Task objective: Please copy out every line in the records below that includes the word "finding".

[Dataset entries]
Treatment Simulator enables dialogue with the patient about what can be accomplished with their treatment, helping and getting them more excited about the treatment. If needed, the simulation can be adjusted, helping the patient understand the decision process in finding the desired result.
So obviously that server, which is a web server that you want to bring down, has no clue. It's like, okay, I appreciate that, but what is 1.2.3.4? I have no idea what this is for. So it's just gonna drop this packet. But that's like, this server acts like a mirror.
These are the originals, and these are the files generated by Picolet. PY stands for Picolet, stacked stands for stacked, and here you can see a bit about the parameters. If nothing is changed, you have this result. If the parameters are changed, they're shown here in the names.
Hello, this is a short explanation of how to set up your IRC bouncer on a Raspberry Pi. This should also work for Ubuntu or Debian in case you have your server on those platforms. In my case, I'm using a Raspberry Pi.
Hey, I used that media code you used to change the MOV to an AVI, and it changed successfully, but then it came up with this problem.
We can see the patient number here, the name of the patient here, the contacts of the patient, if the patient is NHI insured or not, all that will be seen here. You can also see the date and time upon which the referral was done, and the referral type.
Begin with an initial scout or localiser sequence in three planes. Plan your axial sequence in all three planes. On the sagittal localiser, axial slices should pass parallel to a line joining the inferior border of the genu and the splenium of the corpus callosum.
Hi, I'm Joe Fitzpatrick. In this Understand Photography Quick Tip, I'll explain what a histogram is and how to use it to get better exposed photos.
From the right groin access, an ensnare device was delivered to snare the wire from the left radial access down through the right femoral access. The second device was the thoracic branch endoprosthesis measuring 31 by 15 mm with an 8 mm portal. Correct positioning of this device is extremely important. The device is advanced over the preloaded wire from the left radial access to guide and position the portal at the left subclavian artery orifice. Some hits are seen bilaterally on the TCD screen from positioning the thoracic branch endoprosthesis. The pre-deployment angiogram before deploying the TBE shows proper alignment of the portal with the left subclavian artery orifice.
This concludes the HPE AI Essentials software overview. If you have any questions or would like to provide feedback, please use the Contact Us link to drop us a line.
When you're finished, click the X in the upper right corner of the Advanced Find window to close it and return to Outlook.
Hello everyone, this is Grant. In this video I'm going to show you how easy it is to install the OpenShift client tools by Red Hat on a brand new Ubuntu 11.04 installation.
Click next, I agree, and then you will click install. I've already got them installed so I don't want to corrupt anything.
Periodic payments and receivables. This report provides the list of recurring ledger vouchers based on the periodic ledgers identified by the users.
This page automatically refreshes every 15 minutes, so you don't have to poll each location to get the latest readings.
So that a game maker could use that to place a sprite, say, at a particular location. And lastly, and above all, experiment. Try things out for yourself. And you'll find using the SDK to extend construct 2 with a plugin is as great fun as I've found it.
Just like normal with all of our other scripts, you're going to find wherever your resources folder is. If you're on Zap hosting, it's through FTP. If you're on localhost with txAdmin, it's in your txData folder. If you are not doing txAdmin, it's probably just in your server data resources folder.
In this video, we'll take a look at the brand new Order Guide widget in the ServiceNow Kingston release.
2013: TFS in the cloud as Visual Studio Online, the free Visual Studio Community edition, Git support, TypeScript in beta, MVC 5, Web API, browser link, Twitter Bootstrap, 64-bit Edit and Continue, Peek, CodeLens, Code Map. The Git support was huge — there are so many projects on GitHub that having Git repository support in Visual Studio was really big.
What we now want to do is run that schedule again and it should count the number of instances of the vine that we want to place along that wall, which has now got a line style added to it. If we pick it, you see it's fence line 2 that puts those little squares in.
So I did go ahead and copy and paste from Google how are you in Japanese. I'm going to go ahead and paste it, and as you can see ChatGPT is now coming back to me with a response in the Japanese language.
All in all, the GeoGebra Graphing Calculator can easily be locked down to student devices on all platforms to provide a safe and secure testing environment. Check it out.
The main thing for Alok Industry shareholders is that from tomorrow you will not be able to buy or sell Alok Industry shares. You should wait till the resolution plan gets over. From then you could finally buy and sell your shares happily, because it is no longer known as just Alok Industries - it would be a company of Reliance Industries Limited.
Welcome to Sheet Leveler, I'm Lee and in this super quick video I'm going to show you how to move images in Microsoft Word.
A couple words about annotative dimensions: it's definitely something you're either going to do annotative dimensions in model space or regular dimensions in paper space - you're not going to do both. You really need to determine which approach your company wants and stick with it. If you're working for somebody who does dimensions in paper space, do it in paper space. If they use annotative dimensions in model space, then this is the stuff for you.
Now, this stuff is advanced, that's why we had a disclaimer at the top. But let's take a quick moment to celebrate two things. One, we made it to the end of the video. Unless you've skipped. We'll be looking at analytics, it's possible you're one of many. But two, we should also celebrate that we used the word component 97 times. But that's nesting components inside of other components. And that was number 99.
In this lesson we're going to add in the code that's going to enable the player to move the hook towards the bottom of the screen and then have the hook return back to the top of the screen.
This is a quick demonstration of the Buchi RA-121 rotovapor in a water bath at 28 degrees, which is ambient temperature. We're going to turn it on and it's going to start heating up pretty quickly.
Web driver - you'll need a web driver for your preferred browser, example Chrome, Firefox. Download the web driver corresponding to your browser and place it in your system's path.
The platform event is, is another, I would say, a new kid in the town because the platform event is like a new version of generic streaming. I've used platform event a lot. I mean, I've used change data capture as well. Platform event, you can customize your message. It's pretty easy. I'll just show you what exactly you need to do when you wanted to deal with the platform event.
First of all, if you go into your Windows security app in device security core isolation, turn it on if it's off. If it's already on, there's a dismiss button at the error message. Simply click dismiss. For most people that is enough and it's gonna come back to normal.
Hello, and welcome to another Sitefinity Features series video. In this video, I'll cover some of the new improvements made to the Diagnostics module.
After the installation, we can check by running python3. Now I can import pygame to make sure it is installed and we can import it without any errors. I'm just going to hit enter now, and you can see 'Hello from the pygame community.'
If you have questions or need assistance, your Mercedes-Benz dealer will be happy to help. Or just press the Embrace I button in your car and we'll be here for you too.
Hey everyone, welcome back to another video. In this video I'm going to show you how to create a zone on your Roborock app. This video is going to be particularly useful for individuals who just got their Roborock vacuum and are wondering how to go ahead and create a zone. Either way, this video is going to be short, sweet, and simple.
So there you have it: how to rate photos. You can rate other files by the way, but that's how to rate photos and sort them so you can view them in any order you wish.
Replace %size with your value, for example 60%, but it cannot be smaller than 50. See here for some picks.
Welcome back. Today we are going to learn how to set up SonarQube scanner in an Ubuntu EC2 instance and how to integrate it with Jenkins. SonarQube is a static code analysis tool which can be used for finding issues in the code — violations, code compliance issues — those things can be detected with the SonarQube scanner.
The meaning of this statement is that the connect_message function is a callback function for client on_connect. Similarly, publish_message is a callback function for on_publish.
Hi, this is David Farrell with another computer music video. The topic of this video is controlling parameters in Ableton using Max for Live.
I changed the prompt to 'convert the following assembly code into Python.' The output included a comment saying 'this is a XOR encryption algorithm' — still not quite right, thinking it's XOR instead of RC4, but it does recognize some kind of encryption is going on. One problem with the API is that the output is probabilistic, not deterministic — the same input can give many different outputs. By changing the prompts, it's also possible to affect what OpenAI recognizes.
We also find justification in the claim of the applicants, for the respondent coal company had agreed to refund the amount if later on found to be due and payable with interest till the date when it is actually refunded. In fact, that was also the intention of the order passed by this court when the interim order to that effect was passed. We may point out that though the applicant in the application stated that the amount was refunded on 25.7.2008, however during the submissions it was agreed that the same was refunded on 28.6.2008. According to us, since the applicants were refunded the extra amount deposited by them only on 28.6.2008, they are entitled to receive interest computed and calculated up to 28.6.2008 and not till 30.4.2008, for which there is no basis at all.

Solution to the problem:
Treatment Simulator enables dialogue with the patient about what can be accomplished with their treatment, helping and getting them more excited about the treatment. If needed, the simulation can be adjusted, helping the patient understand the decision process in finding the desired result.
Welcome back. Today we are going to learn how to set up SonarQube scanner in an Ubuntu EC2 instance and how to integrate it with Jenkins. SonarQube is a static code analysis tool which can be used for finding issues in the code — violations, code compliance issues — those things can be detected with the SonarQube scanner.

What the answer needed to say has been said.